Assignment —
Transcribe exactly the lines that fall between the one holding "The North Face" and the one holding "Foto 4 | Zapato", inclusive, from the entries below.

Dataset content —
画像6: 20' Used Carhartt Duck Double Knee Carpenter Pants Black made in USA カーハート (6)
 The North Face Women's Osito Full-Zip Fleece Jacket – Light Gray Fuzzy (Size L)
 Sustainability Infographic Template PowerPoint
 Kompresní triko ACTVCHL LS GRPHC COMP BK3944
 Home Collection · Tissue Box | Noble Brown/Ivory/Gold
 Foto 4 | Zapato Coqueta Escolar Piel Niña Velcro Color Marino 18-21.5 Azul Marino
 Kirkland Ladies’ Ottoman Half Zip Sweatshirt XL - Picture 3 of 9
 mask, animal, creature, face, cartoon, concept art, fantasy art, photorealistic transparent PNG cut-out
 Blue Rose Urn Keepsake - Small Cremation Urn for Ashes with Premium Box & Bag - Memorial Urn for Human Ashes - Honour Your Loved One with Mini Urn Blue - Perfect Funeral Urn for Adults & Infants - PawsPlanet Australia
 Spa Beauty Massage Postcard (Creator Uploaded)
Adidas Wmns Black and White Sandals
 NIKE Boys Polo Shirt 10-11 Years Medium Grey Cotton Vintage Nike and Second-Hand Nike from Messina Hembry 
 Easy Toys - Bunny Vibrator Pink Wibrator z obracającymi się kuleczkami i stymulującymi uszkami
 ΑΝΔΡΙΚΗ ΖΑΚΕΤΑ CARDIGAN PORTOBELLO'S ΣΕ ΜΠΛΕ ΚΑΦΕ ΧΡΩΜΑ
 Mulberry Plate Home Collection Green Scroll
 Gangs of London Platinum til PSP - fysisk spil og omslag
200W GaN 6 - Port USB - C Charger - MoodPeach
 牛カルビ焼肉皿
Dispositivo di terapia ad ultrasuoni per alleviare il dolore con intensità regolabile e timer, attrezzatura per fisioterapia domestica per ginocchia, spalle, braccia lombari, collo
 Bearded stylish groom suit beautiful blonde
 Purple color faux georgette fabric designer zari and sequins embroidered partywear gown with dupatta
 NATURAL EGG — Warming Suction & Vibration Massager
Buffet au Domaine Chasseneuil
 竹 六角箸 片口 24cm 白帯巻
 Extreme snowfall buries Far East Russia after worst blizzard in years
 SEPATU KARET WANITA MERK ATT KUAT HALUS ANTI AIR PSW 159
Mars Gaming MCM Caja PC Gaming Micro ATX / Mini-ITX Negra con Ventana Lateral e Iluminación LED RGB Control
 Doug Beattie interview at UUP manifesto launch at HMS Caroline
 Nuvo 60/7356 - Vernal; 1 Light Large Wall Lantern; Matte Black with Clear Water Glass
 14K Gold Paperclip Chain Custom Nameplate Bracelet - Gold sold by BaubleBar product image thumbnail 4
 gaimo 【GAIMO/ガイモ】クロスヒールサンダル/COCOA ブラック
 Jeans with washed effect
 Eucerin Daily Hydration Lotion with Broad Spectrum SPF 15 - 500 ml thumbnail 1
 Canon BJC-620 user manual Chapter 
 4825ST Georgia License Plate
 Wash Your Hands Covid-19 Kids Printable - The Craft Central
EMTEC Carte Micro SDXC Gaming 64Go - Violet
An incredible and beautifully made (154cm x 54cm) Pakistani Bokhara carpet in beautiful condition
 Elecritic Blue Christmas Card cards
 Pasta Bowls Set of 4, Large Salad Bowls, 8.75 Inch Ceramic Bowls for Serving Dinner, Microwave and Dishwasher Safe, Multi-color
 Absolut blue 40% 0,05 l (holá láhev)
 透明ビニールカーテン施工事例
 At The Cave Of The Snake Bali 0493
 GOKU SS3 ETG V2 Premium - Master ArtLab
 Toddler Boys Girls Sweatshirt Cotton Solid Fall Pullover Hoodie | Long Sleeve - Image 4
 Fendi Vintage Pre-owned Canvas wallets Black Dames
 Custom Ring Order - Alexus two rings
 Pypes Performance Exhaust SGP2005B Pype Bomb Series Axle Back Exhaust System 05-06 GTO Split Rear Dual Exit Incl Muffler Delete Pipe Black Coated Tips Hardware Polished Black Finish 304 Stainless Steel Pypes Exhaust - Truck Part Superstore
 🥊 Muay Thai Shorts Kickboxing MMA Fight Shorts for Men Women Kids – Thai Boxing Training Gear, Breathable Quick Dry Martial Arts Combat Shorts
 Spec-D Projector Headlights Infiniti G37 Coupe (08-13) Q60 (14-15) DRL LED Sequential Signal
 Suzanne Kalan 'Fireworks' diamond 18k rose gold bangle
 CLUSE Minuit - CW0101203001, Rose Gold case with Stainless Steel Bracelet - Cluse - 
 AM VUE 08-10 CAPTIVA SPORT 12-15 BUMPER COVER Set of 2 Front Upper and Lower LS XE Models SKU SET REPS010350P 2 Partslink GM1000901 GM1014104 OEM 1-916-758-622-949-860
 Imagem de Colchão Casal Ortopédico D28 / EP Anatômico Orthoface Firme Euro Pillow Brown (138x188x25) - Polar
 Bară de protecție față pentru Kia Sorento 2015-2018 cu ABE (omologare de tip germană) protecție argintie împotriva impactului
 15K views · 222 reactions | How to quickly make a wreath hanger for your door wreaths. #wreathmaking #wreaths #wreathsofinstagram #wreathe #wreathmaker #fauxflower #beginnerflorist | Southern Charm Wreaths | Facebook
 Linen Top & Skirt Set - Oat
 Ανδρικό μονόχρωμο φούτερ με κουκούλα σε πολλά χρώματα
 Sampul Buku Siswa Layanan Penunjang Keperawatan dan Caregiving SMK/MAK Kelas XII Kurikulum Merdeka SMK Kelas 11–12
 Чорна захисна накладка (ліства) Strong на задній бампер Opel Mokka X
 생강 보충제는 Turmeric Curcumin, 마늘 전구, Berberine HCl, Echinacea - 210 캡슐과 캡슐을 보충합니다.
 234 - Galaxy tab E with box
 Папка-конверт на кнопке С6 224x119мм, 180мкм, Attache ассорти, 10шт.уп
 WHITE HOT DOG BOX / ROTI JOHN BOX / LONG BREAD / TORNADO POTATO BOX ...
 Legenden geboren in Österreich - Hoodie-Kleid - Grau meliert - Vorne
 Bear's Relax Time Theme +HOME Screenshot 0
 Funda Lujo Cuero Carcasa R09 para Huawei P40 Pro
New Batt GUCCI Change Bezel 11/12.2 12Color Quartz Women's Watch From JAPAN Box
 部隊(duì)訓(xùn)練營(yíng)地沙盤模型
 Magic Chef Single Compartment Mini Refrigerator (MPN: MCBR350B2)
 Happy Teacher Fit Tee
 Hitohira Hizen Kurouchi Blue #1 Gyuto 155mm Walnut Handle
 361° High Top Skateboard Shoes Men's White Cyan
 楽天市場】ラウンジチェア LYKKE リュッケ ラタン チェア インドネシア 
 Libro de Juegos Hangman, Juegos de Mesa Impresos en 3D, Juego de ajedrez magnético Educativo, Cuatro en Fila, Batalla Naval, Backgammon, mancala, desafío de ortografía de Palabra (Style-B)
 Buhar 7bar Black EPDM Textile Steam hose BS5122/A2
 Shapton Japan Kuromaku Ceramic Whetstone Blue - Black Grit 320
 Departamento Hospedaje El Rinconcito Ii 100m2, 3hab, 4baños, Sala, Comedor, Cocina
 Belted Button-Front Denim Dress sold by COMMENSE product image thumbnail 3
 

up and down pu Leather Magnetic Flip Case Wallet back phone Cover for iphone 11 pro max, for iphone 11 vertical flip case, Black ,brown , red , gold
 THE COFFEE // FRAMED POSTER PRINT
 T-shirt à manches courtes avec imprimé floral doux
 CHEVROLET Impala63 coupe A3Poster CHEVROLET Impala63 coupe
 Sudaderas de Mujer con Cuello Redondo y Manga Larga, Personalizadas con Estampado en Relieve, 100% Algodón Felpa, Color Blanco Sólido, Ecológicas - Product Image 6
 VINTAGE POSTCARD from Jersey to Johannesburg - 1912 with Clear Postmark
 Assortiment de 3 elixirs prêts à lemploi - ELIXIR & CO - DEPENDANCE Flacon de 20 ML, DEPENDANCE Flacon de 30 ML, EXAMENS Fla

Completed task —
 The North Face Women's Osito Full-Zip Fleece Jacket – Light Gray Fuzzy (Size L)
 Sustainability Infographic Template PowerPoint
 Kompresní triko ACTVCHL LS GRPHC COMP BK3944
 Home Collection · Tissue Box | Noble Brown/Ivory/Gold
 Foto 4 | Zapato Coqueta Escolar Piel Niña Velcro Color Marino 18-21.5 Azul Marino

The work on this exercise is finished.